Why is imbalance an issue?

Data fuels machine learning algorithms. In the absence of a good quality dataset, even the best of algorithms struggles to produce good results. An imbalanced dataset is defined by great differences in the distribution of the classes in the dataset.

This means that a dataset is biased towards a class in the dataset. If the dataset is biased towards one class, an algorithm trained on the same data will be biased towards the same class.

The model learns more from biased examples as opposed to the examples in the minority class. One might end up with a scenario where a model assumes that any data you feed it belongs to the majority class.

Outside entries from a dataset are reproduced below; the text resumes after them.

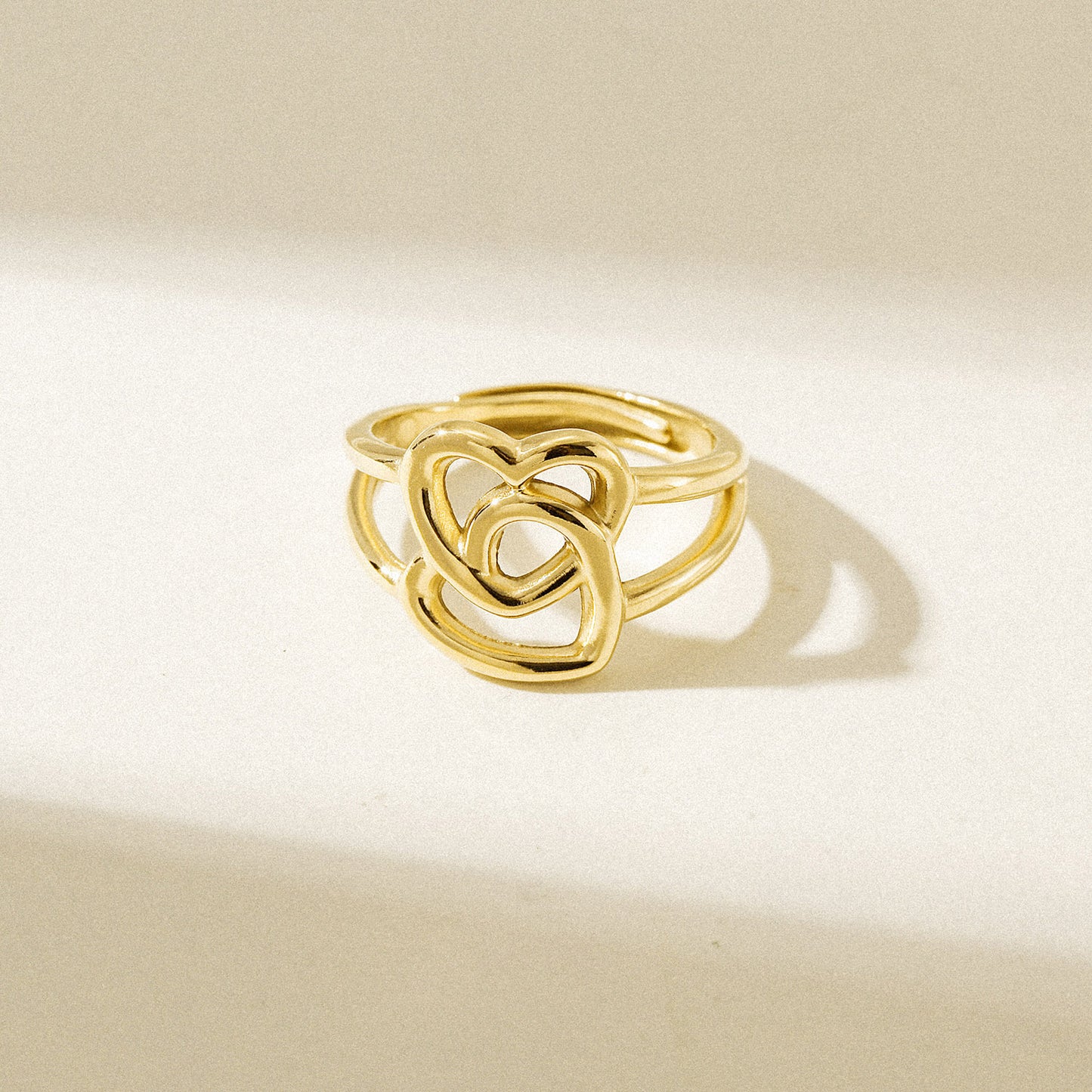Two heart-shaped hollow rings-NSR256STGC
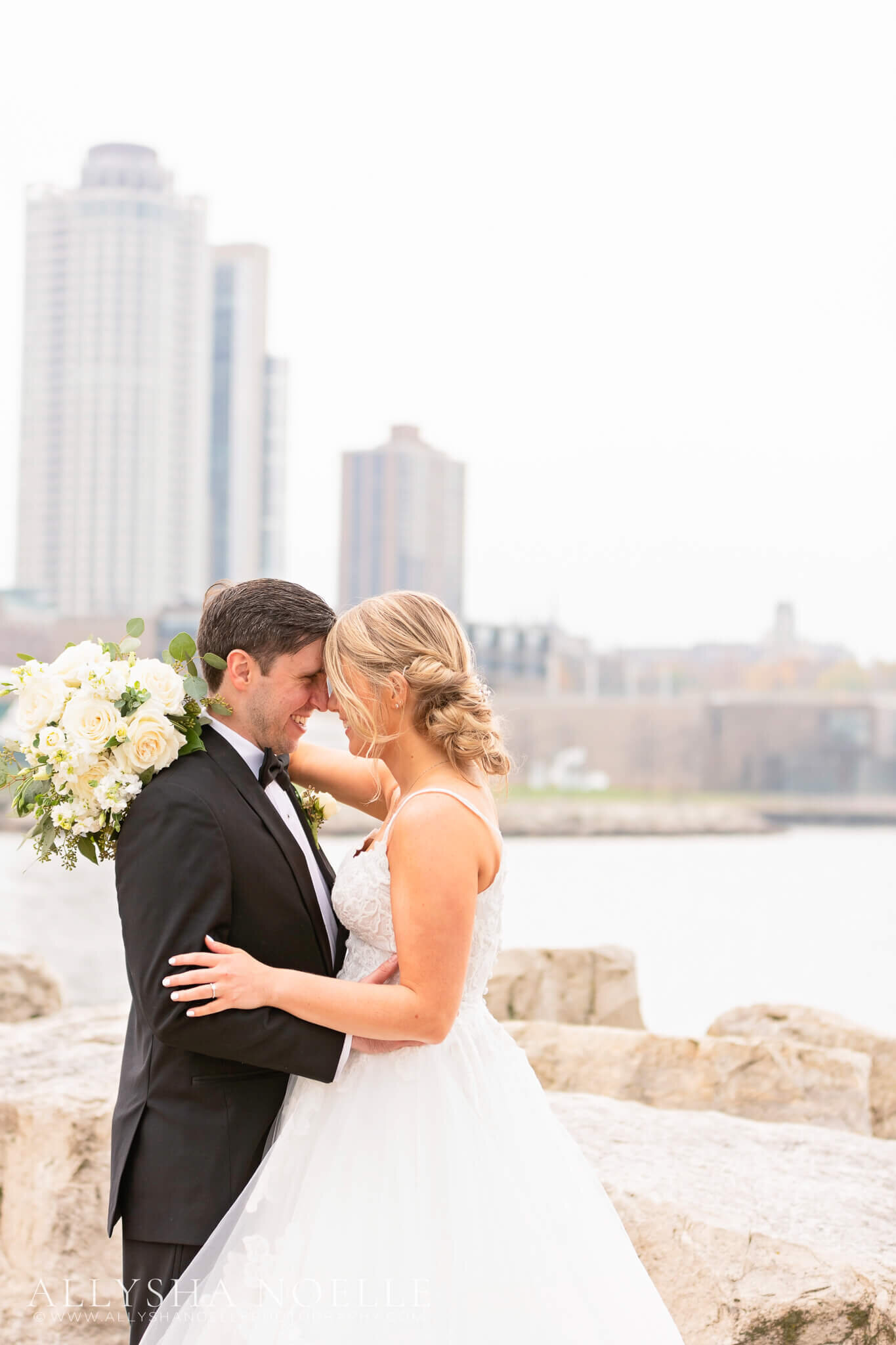Wedding-at-The-Factory-on-Barclay-in-Milwaukee-0382
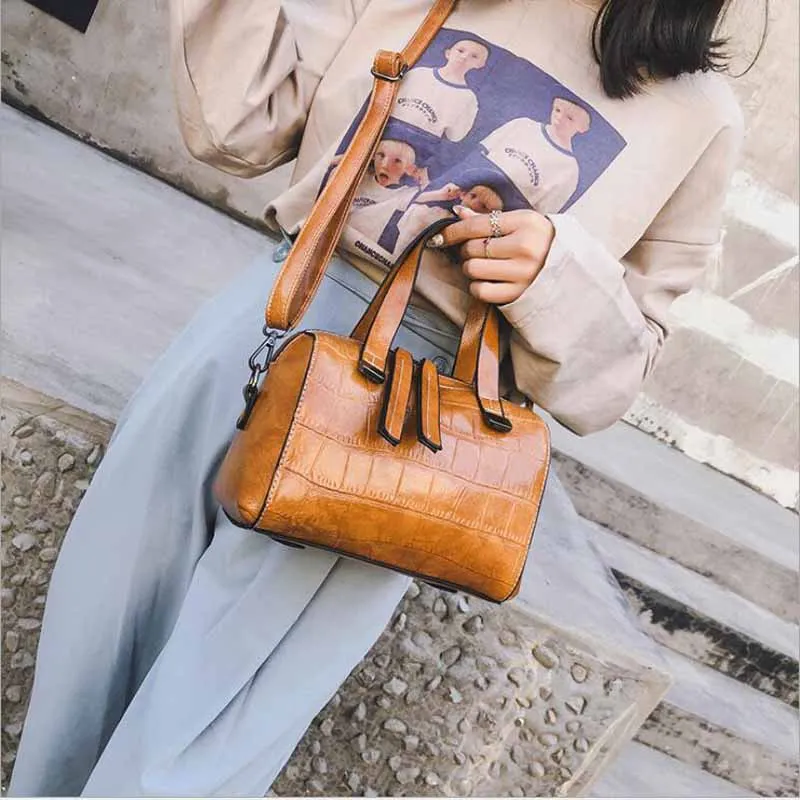 

Crossbody Bags For Women Messenger Bags Vintage Leather Bags Handbags Women Famous Brand Rivet Small Shoulder Sac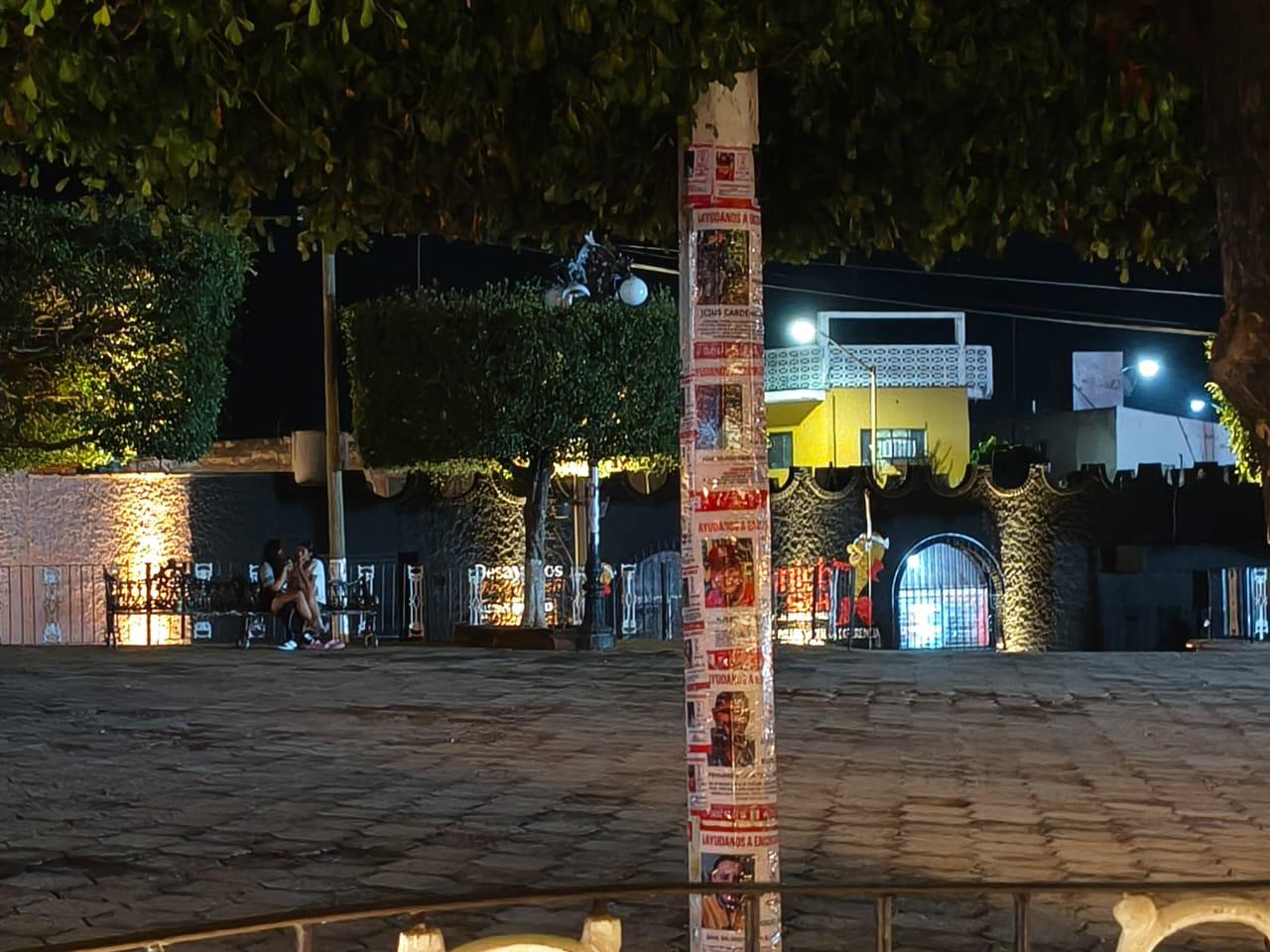 $!Colectivo Tesoros Perdidos Hasta Encontrarlos realiza pega de fichas de búsqueda en Rosario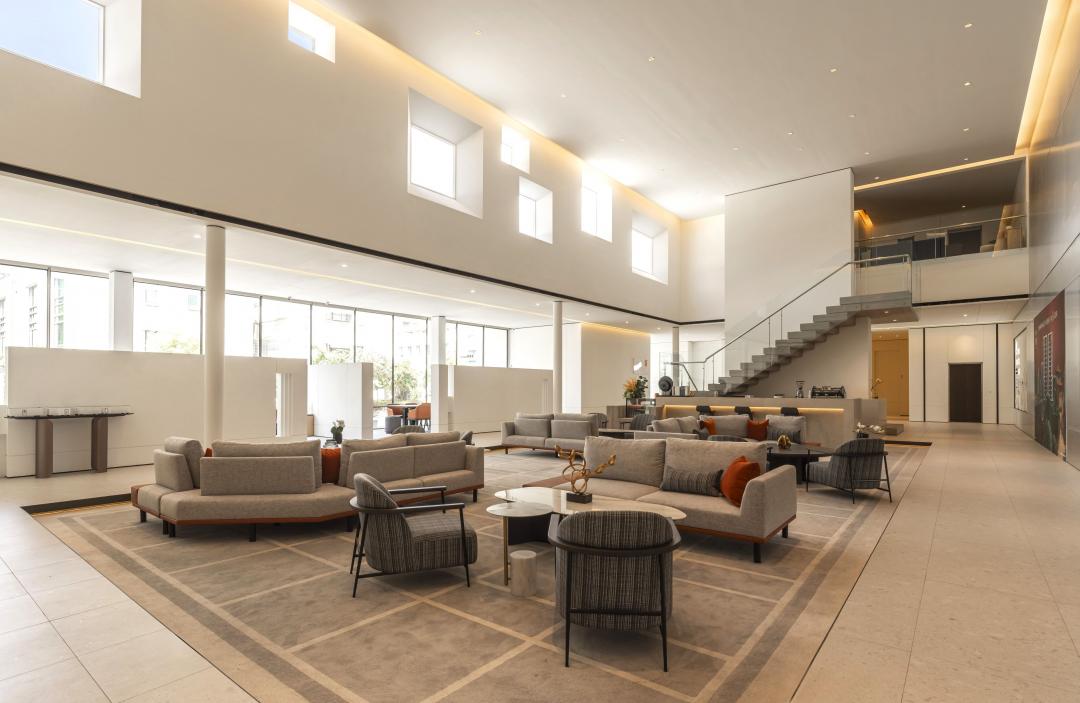 位在台南東區仁和商圈的預售建案「宏福悦」，聚焦「建材規範」與「能源管理」兩大面向，最大化節能減碳效益，榮獲全台首座「翡翠級減碳認證」接待中心殊榮。(圖:業者提供)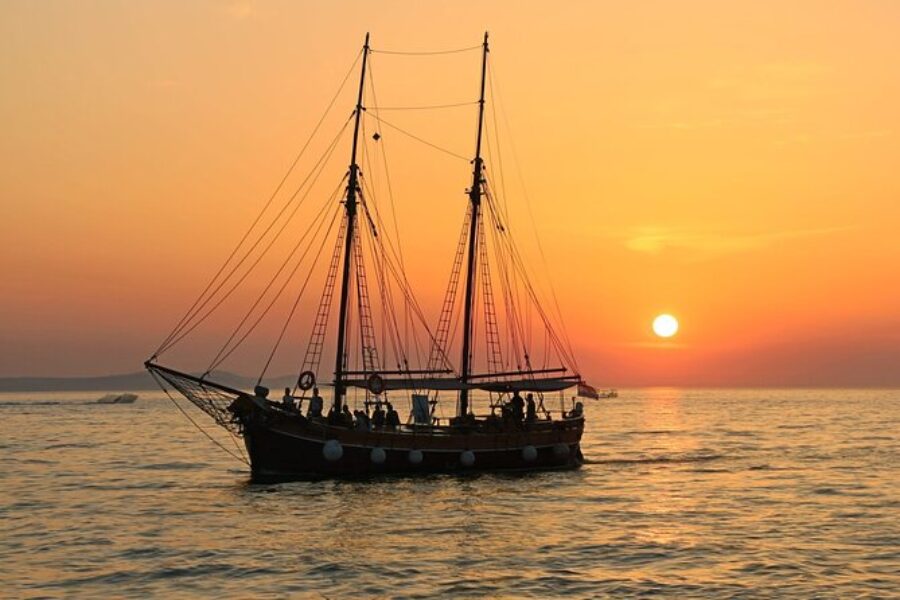 Sail into the Sunset: A Majestic Evening Cruise in Muscat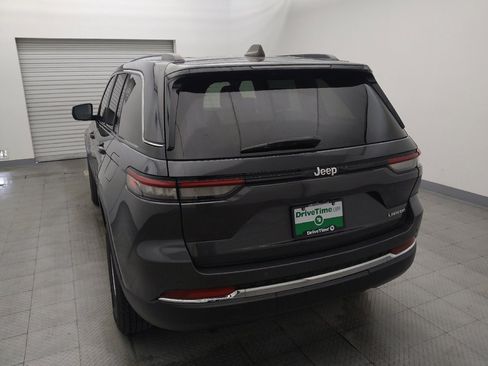 Used 2023 Jeep Grand Cherokee Laredo w/ Luxury Tech Group I RWD image 6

This, as a result, makes a model seem naïve in its predictions, regardless of achieving high accuracy scores.

Balanced and imbalanced datasets

A balanced dataset refers to a dataset whose distribution of labels is approximately equal. Labels in this context refer to a class associated with each data point.

For example, consider a dataset with two classes; male and female. If approximately half the distribution represents the male class and the other half represents the female class, we say the dataset is balanced.

The distribution of an imbalanced dataset is characterized by very high differences between the classes involved. Taking the example above of male and female classes, an imbalanced dataset may have a very high difference between the two classes.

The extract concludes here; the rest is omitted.